C’est la fin du règne de George II, en guerre depuis trois ans contre la France de Louis XV. Dublin est alors la deuxième ville du royaume et la cinquième d’Europe.
Jonathan Swift, Doyen de Saint-Patrick et créateur de Gulliver, vient de mourir. La brasserie des Rainsford, située à la porte Saint-Jacques, à l’ouest des murs de la ville fortifiée, périclite.
Le 31 décembre 1759, un jeune brasseur de 34 ans, Arthur Guinness, paye £ 100 d’acompte et signe un bail de 9 000 ans, au loyer annuel de £ 45, soit l’équivalent de 13 000 euros d’aujourd’hui. C’est à ce moment que l’une des plus célèbres bières au monde allait être brassée pour la première fois.
Ce stout, devenu l’un des symboles de l’Irlande aux côtés du trèfle et de la harpe, adopta en 1862 sur ses étiquettes la harpe de Brian Boru, conservée à la bibliothèque de Trinity College. La harpe y apparaît avec sa table d’harmonie à gauche.

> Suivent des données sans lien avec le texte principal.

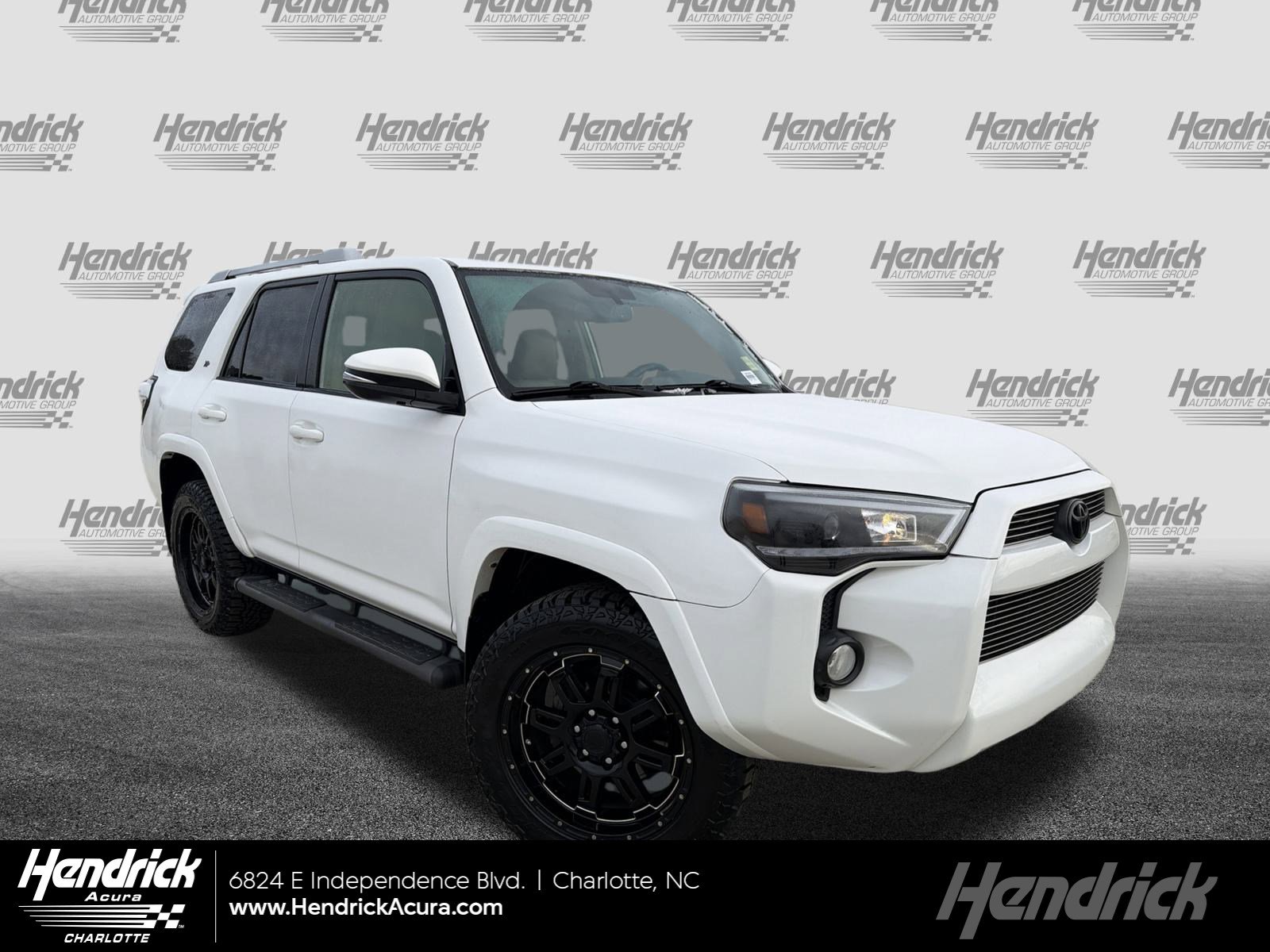 Used 2017 Toyota 4Runner SR5 Premium image 1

Comme la harpe est aussi l’emblème officiel de la République d’Irlande, le gouvernement a dû l’inverser, avec sa table à droite, en raison du dépôt antérieur par Guinness.
Très vite, Arthur Guinness se limita à produire uniquement la porter, la bière « noire » que l’on connaît aujourd’hui. Produite dans 49 brasseries, elle est vendue chaque jour à raison de 10 millions de verres dans plus de 150 pays.

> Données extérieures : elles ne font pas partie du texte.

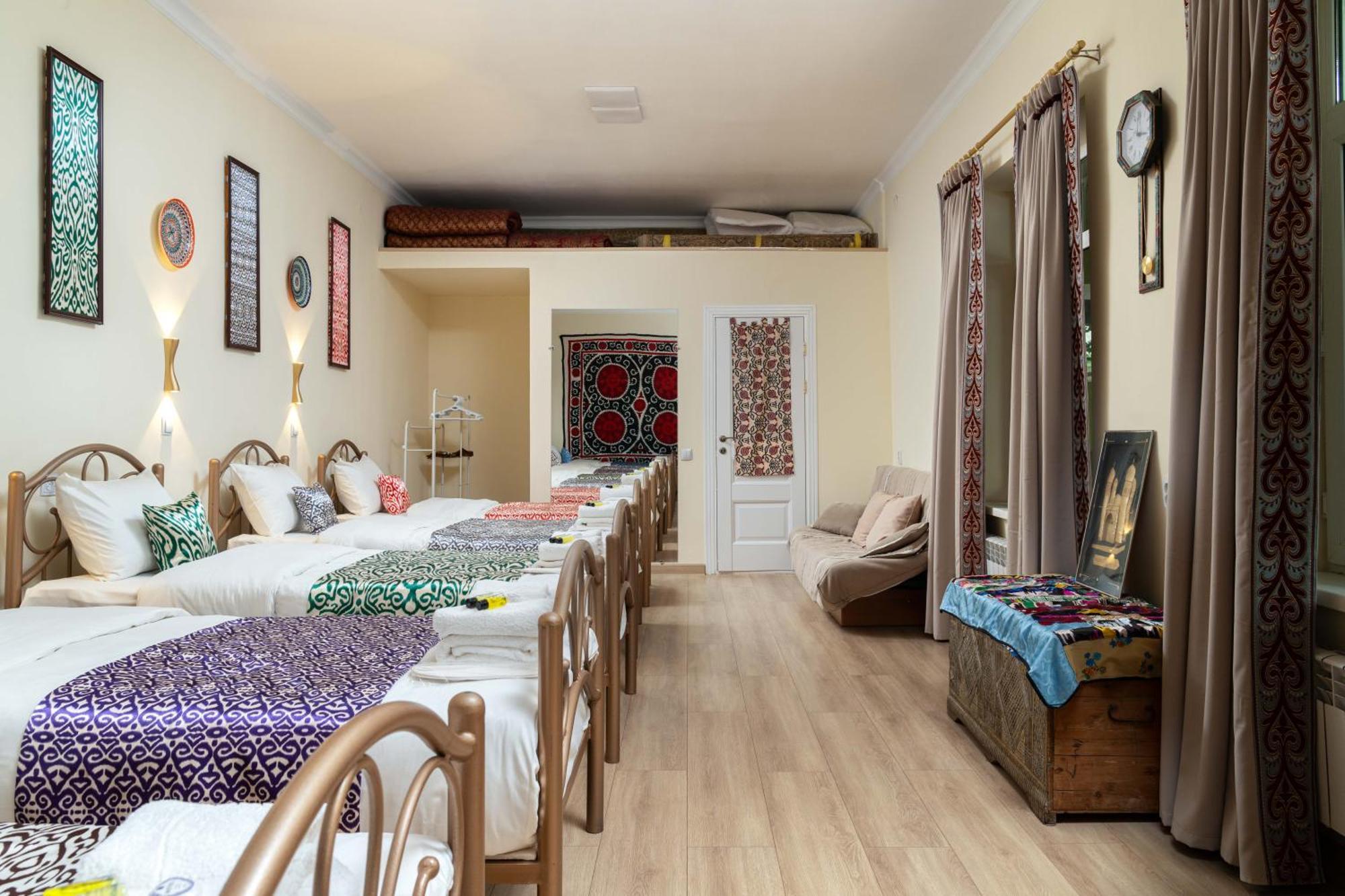 Green Yard Boutique Guesthouse タシュケント エクステリア 写真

Les seuls ingrédients utilisés sont l’orge irlandaise maltée pour ses sucres spéciaux, l’orge torréfiée pour sa teinte rubis profonde, le houblon pour sa saveur amère, et la levure pour la mousse crémeuse, sans oublier l’eau des montagnes du Wicklow.

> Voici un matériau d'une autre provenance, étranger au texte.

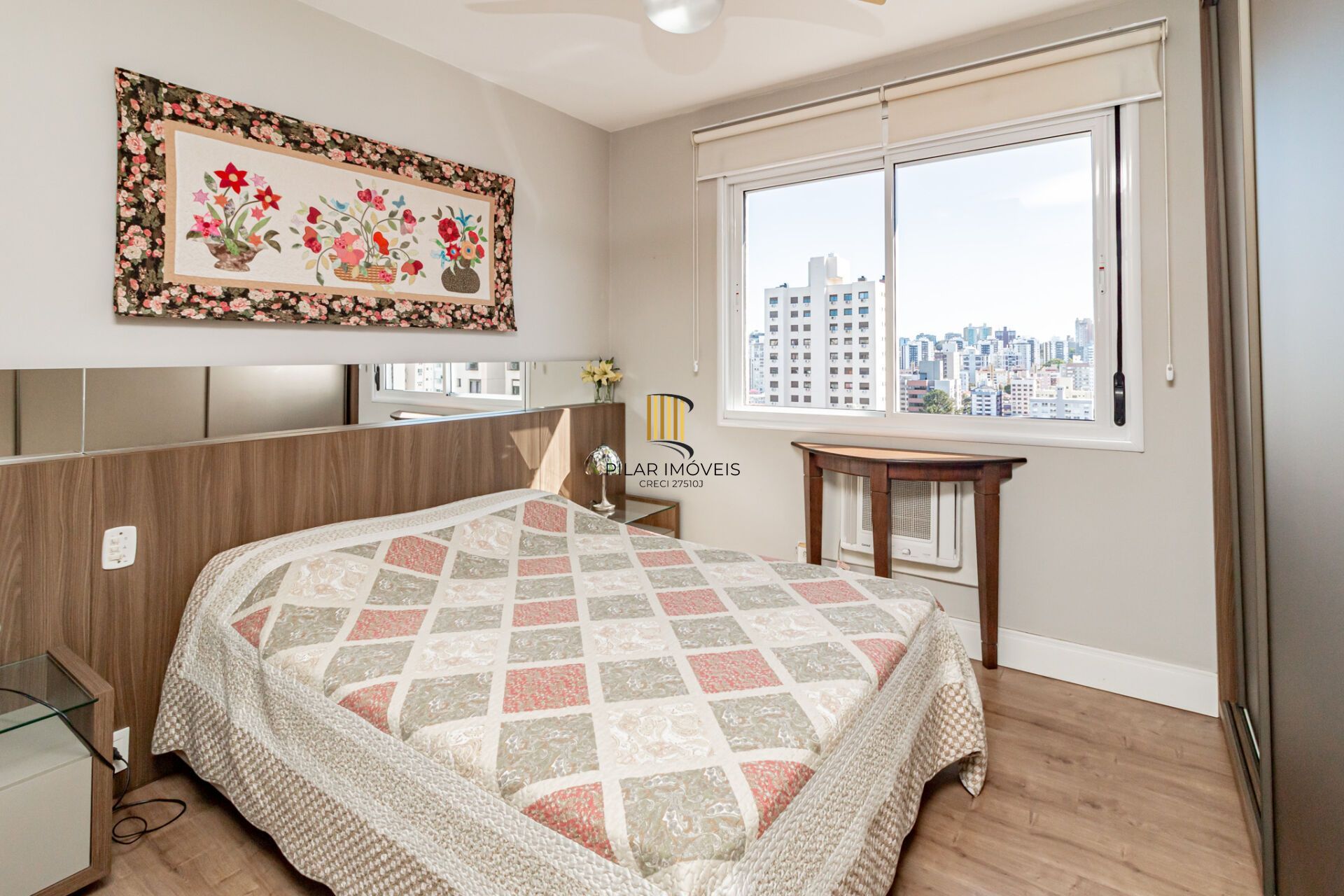 Apartamento à venda no bairro Passo D'areia em Porto Alegre/RS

La Guinness arrive sur le continent lorsqu’un officier de l’armée de Wellington, blessé à Waterloo, écrit : « J’ai ressenti un désir extraordinaire pour un verre de Guinness. Je n’oublierai jamais à quel point je l’ai apprécié. Je suis sûr que cela a grandement contribué à renouveler ma force. »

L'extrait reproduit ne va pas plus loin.